もうだいぶ前のことになりますが、「ドミノ倒し」 の番組を見たことがあります。
かなりの日数と人手をかけて 会場一杯に さまざまな仕掛けや工夫を凝らしたドミノのコマを並べてゆく、その過程と 本番のドミノ倒しの様子が描かれていました。
準備の様子が大変そうであればあるほど、本番の見事さに 爽快なカタルシスを覚えるわけですが、暑い季節に ちょっとした微風でもコマが倒れるからと 送風も止めて 汗だくで作業を進めるなど、よくまあ皆さんここまで頑張れるものだと感心するやら驚くやら。
で本番、動き出したドミノは 渦を巻いたりくねったり枝分かれしたりながら、見事な模様を描いたり 奇抜な仕掛けを作動させたりと、まるで生き物のように さまざまなことをやってのけつつ 進んでゆきますが、その一番最初はというと、たったひとつのコマが倒れて 次のコマにぶつかって倒すところからなんですね。
もしも 一番目と二番目の間が開き過ぎていたり、一番目の倒れかかる重みや勢いが足りなかったりして、二番目のが倒れなかったら ハイそれまでよ、長時間の綿密で辛抱強い準備も すべて水の泡、というわけです。
私たちは、ある出来事と そこから派生する感情が 直接つながっていると思いがちです。

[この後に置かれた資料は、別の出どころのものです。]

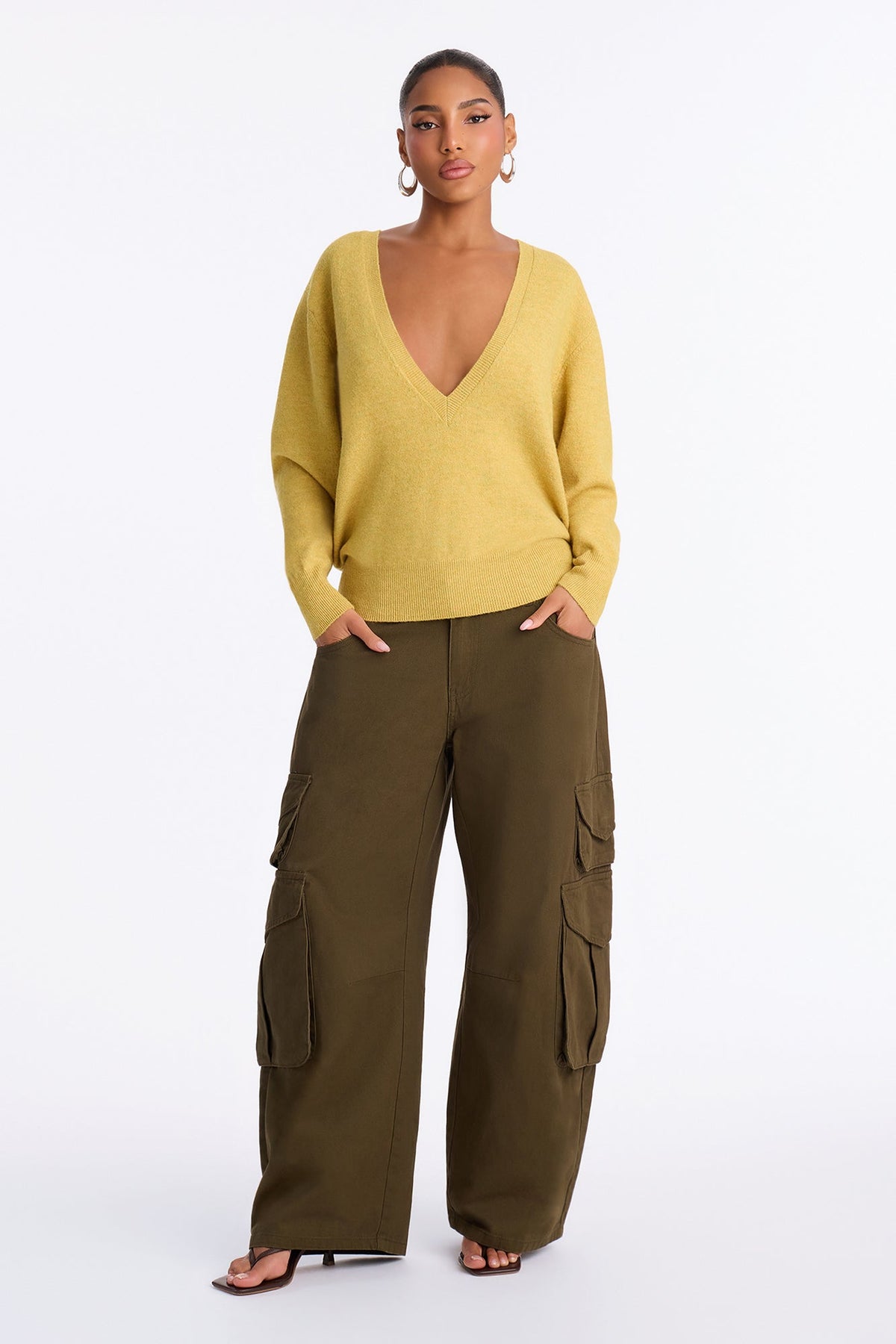 Autumn Cutie Deep V Neck Sweater - Yellow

が 実際には、出来事と 湧き起こる感情との間に、スイッチとなる ある種のからだの感覚が挟まっていると知り、数年がかりであれこれ試してみて、このからだの感覚が、ドミノ倒しの一個目のコマのようなものだと思うようになりました。
これが 感情のスイッチをぽんと押す前に止めてしまえば、起きたことについて 感情が揺れ動くことはないわけです。
盛大に用意された 怒りや愚痴や恨み言の物語も、倒れずに終ったドミノの仕掛けのように 展開されることなく、存在しないも同然となります。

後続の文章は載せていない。